In some embodiments, the ROCK1/2 inhibitor is formulated for sustained release. A number of sustained release formulations are known in the art, including but not limited to biodegradable implants such as lipid-encapsulated formulations, e.g., as described in Bonetti et al., Cancer Chemother Pharmacol 33:303-306 (1994) and Chatelut et al., J Pharm Sci. 1994 March; 83(3):429-32; multivesicular liposome (MVL) formulations, e.g., as described in WO2011143484; polymer microspheres, polymer-drug conjugates, or nano- or micropartricules, e.g., alpha-lactalbumin microparticles, e.g., as described in Vijayaragavan et al., Int J Pharm Res 3(1):39-44 (2011) or nanoparticles of drug conjugated with-human serum albumin as described in Taheri et al., J Nanomaterials 2011 (dx.doi.org/10.1155/2011/768201); polyion complex (PIC) micelles; bioadhesive polymers such as hydroxypropyl methylcellulose (HPMC), carboxymethylcellulose (CMC) and polyacrylic acid (PAA) derivatives, as well as hyaluronic acid (HA), e.g., Lacrisert (Aton Pharma), which is a soluble hydroxy propyl cellulose ocular insert.

Alternatively or in addition, sustained release can be achieved using a sustained-release device such as intravitreal implants, e.g., as described in Palakurthi et al., Current Eye Research, 35(12):1105-1115 (2010) or similar to the RETISERT (Bausch & Lomb), OZURDEX (Allergan); or non-biodegradable implants, e.g., similar to ILUVIEN (Alimera) or VITRASERT (Bausch & Lomb) implants, or the I-VATION platform (SurModics Inc.). See also Lee et al., Pharm Res. 27(10):2043-53 (2010); Haghjou et al., J Ophthalmic Vis Res. 6(4):317-329 (2011); Kim et al., Invest. Ophthalmol. Vis. Sci. 45(8):2722-2731 (2004); and Velez and Whitcup, Br J Ophthalmol 83:1225-1229 (1999). See also U.S. Pat. Nos. 4,704,295; 4, 556,552; 4,309,404; and 4,309,406.

See also US 20200377888; U.S. Pat.
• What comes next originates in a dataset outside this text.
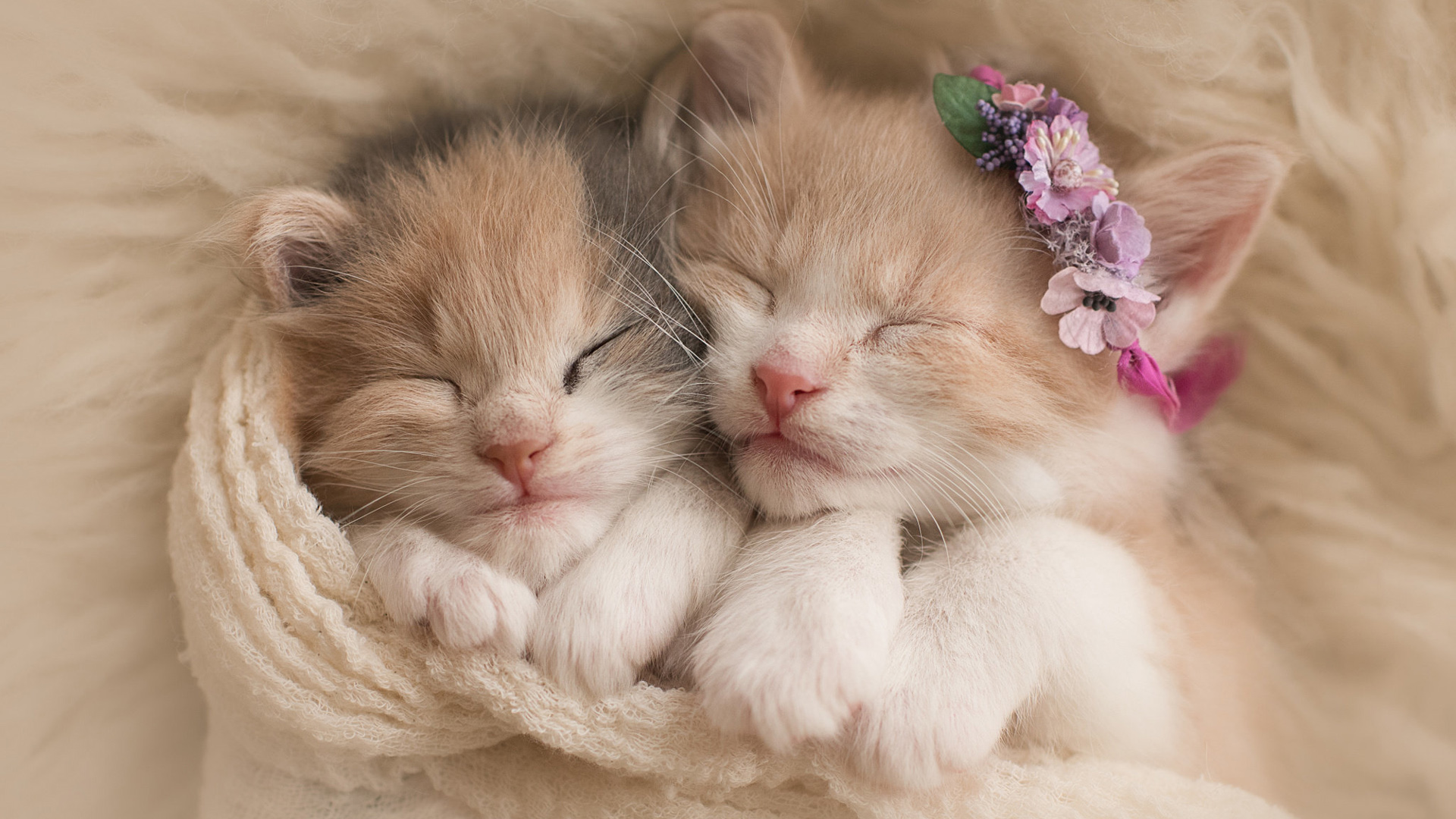 两只睡在一起的小猫,花圈,围巾,桌面壁纸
No. 10,828,306; PCT/US2017/061620; PCT/US2018/061110; PCT/US2018/061156; and PCT/US2015/042951, all of which are incorporated herein by reference in their entirety.

Examples

The invention is further described in the following examples, which do not limit the scope of the invention described in the claims.

Materials and Methods

The following materials and methods were used in the Examples set forth herein.

Assessment of Proliferation and Cytotoxicity of Primary PVR Cultures

PVR cells were cultured and seeded into 96 well assay plates at 10,000 cells/well in complete growth media. Rho kinase inhibitors, Netarsudil, Ripasudil, Fasudil, Y27632 obtained from Selleck Chemicals (Houston, TX, USA) were dissolved in DMSO and used at two different concentrations. Cell proliferation was assessed at 24, and 48 hour time points by CyQUANT® Direct Cell Proliferation Assay (Thermofisher Scientific) and compared to vehicle controls at 24, and 48 hours post treatment. The data was expressed as percent cell inhibition.
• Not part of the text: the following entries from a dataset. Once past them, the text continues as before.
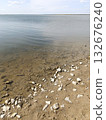 Sandy riverbank with rocks. River beach. 132676240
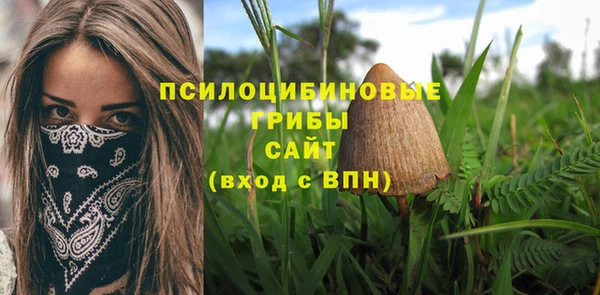 ПСИЛОЦИБИНОВЫЕ ГРИБЫ Абинск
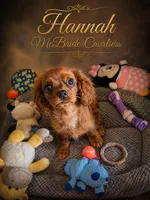 Hannah, a female Cavalier King Charles Spaniel for sale in Neosho, MO – 1 of 9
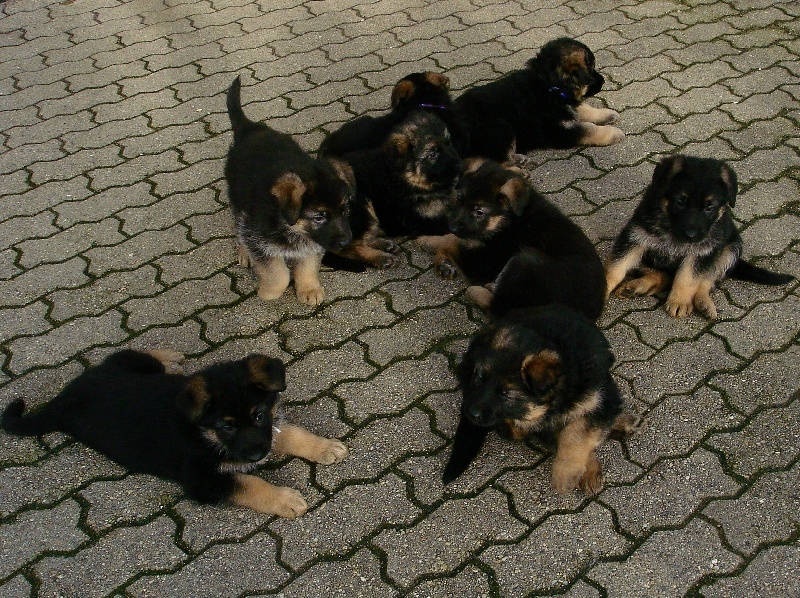 Chiot Berger Allemand à La Vallée des Secrets ! - Page 16 29c54285-8c75-4bb4-e9ac-245dd557ee51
Conditioned media was also collected at 24, and 48 hour time points for each condition, and percentage cell death was quantified by measuring LDH release using the CytoTox 96 Non-Radioactive Cytotoxicity Assay (Promega, Madison, WI, USA). As a positive control, the same number of cells maintained in parallel was lysed by two freeze—thaw cycles; the conditioned media were collected to measure the maximum LDH release. Percentage LDH release was calculated as 100%×(experimental LDH−spontaneous LDH)/(maximal LDH−spontaneous LDH).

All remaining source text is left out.